Polymer grid technology a boon for bridges

May 24, 2005

When the long-awaited Highway 151 bypass around Fond du Lac, Wisconsin, opens later this year, vehicles traveling northbound will cross DeNeveu Creek on a bridge like no other in the country.
Externally, the bridge looks identical to its adjacent twin. However, internally, the concrete deck reinforced with a novel fiber-reinforced polymer (FRP) grid system that could replace conventional epoxy-coated reinforcing bars (rebars) inside future bridges.

Professor of Civil and Environmental Engineering Larry Bank, Associate Professor Mike Oliva and graduate students David Jacoboson and Mack Conachen developed the system, which boasts several advantages over the steel rebars bridge-builders currently use. "The steel reinforcing bar in the concrete deck corrodes," explains Bank. "That corrosion causes cracking of the concrete, the concrete then chips off and you get potholes and all of those problems that people don't like on bridges."

Because it is non-metallic, the fiber-reinforced polymer material won't corrode, giving it the durability to last at least 75 years, says Bank. "Most bridge decks will only last somewhere between 30 and 40 years before they have to be replaced," he says.

While durability is one benefit of FRP technology, Bank and his students took their system a giant step farther. Traditionally, both steel and FRP reinforcing elements have been long bar shapes, which workers then have to secure together. But working with Strongwell, a Chatfield, Minnesota, manufacturer, Bank's group designed prefabricated, three-dimensional FRP grids that cranes can rapidly lay into place, eliminating weeks of labor-intensive work.

That means workers can pour concrete more quickly, speeding up bridge construction or deck replacement. "The idea is, if you have to do a deck replacement on a busy road like I-90, you want to do it as quickly as possible so you don't have bypasses that are dangerous, or detours, which are even worse," says Bank.

The FRP grid system is the first of its kind installed anywhere, thanks to funding from a Federal Highway Administration program called Innovative Bridge Research and Construction, and cooperation from partners at the Wisconsin Department of Transportation (DOT).

Mark Klipstein is the DOT project manager overseeing the Highway 151 bypass project, and "volunteered" the DeNeveu Creek pair of bridges for this unique research experiment. "We had two structures that were right next to each other with similar lengths and similar widths," he says. "Because of that, it gave us an opportunity to build a conventional structure using materials that presently go in pretty much all the structures around the state, and the new fiber-reinforced structure."

Doing that, he says, enabled the researchers, DOT personnel and Alfred Benesch and Co., the professional engineering company of record, to compare construction time and cost, and to study each bridge's performance over time.

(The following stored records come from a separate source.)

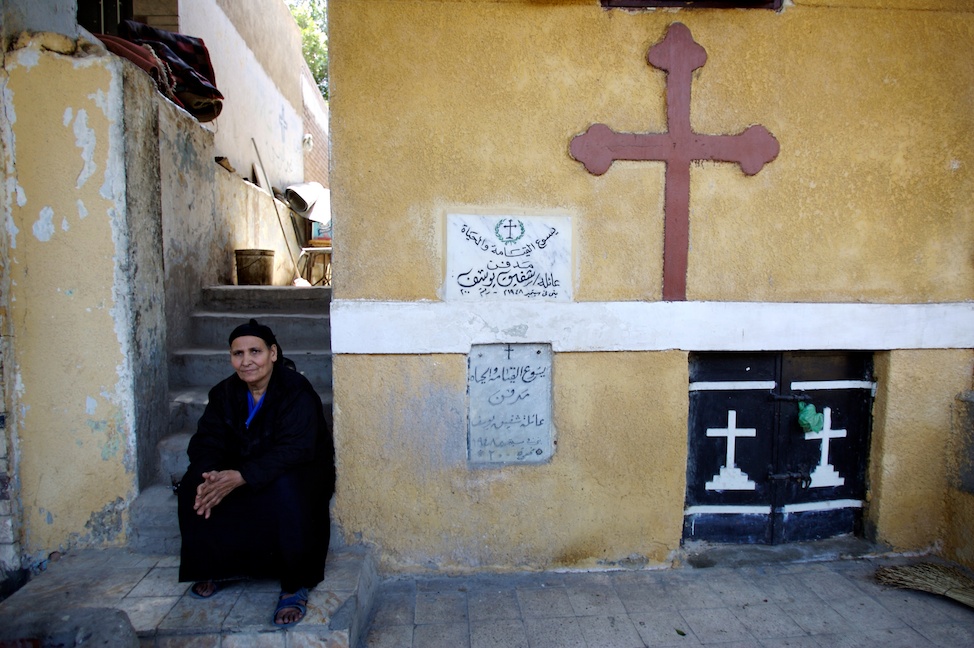 EgyptCopts17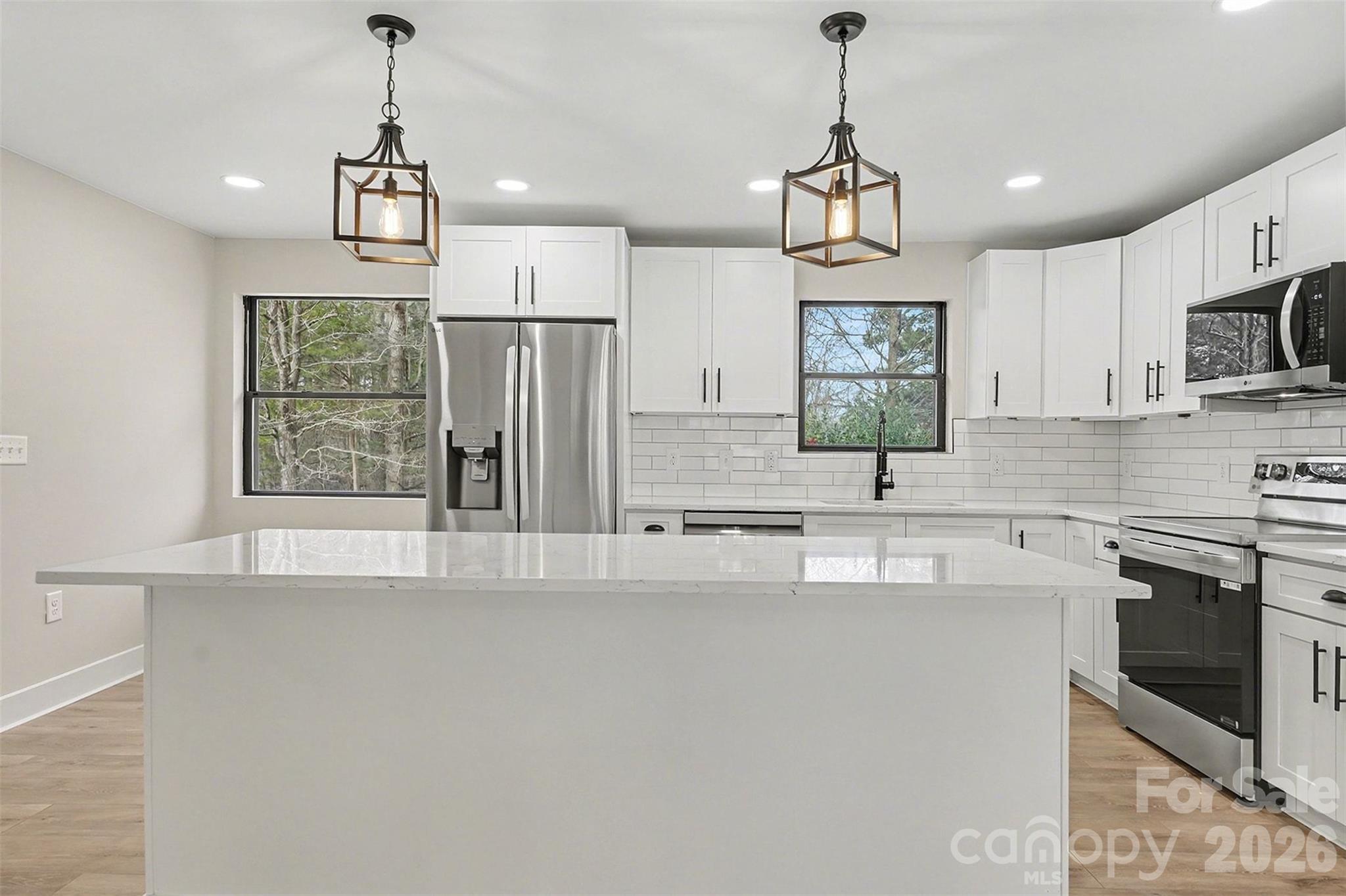 728 Pleasant Avenue Kannapolis NC 28081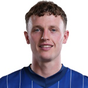 Nathan Broadhead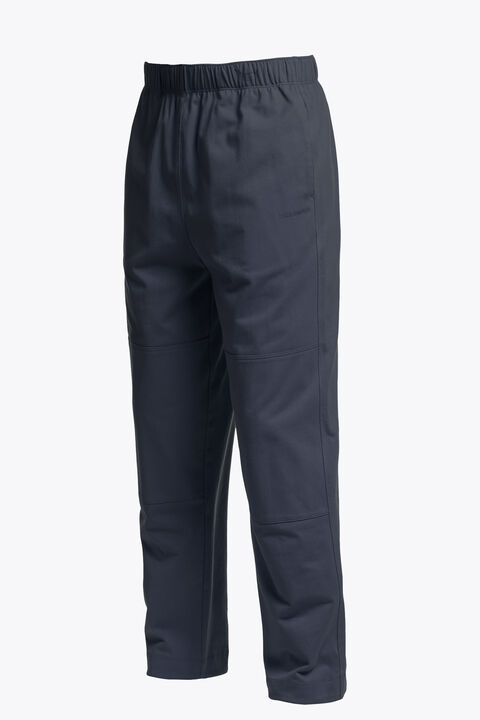 Parajumpers DUFET - LONG PANTS  26WMPMPAJC04P150765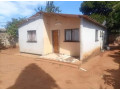 3-bedroom-standalone-house-for-sale-in-chilenje-small-0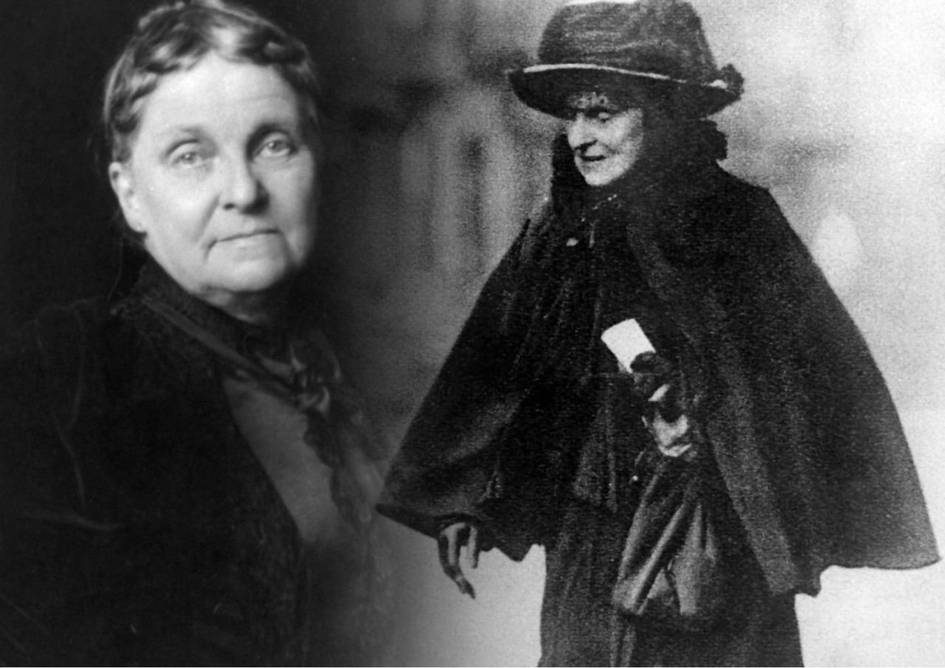 “Uoll Strit jodugari”: dunyodagi eng xasis ayolning aqlbovar qilmas hayoti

Pre-construction, Bank and his students developed computer models and conducted actual tests of concrete reinforced with FRP grids in the Wisconsin Structures and Materials Testing Laboratory on campus. But perhaps the most telling test of the FRP bridge's strength came in late-summer 2004, when Bank and his students watched workers drive six dump trucks totaling 300,000 pounds across it.

Gerald Anderson, DOT chief of structures who oversaw the department's bridge-design program, says recent advances in FRP production and material properties have made FRP bridge-deck designs a reality in Wisconsin. "Wisconsin DOT is looking at this FRP research as a promising potential investment for the future for the design of reinforced concrete that is exposed to chlorides," he says. "Wisconsin DOT may eventually be able to design concrete reinforced with a non-corrosive FRP material that by far outperforms the conventional epoxy-coated rebar decks. There will be a savings in construction to offset the FRP materials cost, as well as savings in both routine deck maintenance longer service life before deck replacement is required."

Although the cost of building this first FRP grid bridge was higher than that of a traditional bridge, Bank says that mass-produced, rather than custom-designed FRP grids, as well as their extended durability, will make the system cost-competitive. "The FRP reinforcement system costs around $20 a square foot, which given the time and labor savings obtained in construction, is competitive with a conventional steel rebar-reinforced bridge," he says.

Now his group is working with Strongwell to develop a next-generation system that's even better and more cost-effective. And though at the moment there aren't plans for additional FRP-grid bridges in Wisconsin, the technology is catching on: In June, workers will use a variation of the system in Green County, Missouri.